My wife has type one diabetes with complications. According to her doctor, becoming pregnant could be life threatening (BTW: She is pro-life and would not abort). Therefore, I am faced with a choice: Either accept that God makes his will known through the Magisterium of the Catholic Church (i.e contraception is always bad.), or trust what feels right (i.e. God permits contraception in our case). I can’t be intellectually honest and do both.

I respect your decision to stay in the Catholic church despite your objections. However, the reason for believing that only a Catholic priest can create the Eucharist is the same reason for believing that contraception and homosexual acts are "intrinsically evil." It’s all about church authority/tradition. If I reject the authority of the church on contraception, then I must reject its authority everywhere else. Thus, moderation actually reduces my faith. A fundamentalist has faith that God’s promises will be kept. A moderate desperately hopes that the promises exist in the first place.

Currently, I have no church in which to practice, or justify, my faith. Essentially, I’m a wannabe fundamentalist forced into moderation. This leaves me intellectually stripped of any argument about why my “faith” is more attuned to God’s will than a your average Mormon/Muslim/Amish. Sometimes, when the wind blows just right, I smell the distinct odor of oblivion.
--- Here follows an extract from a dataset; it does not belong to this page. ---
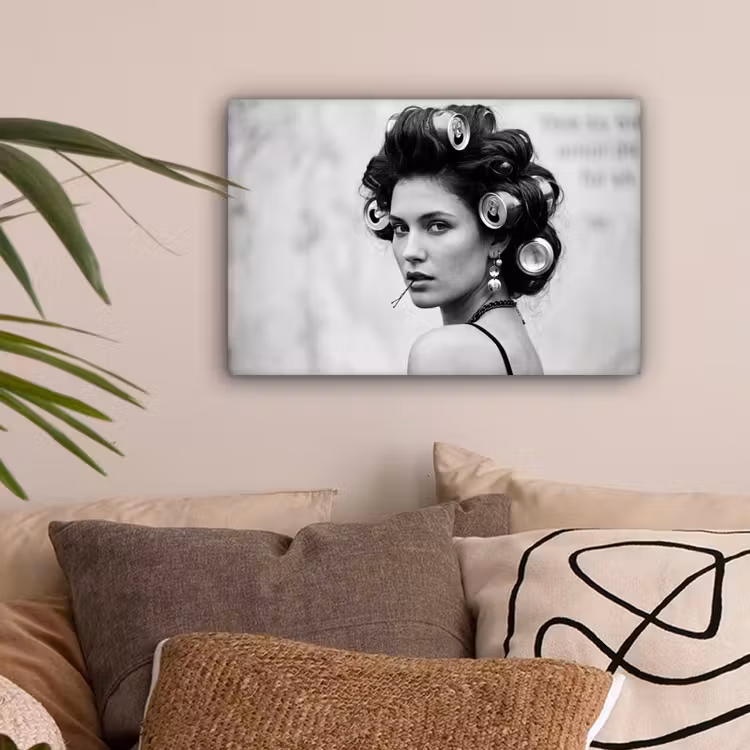 Edgy - Vrouw - Zwart - Wit canvas 2cm klein -sfeer1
There was a time when it blew by unnoticed.

I miss fundamentalism.

I do at times as well. Fundamentalism is much easier in many ways. But rejecting the teachings of the church hierarchy on a minor matter like contraception does not, it seems to me, merit abandoning all confidence in that authority on everything. It's possible to separate out the core and peripheral teachings of the Church. My test is the Nicene Creed. If I can say that and believe it, the small matter of a few celibates' view of my sexual orientation is a petty one.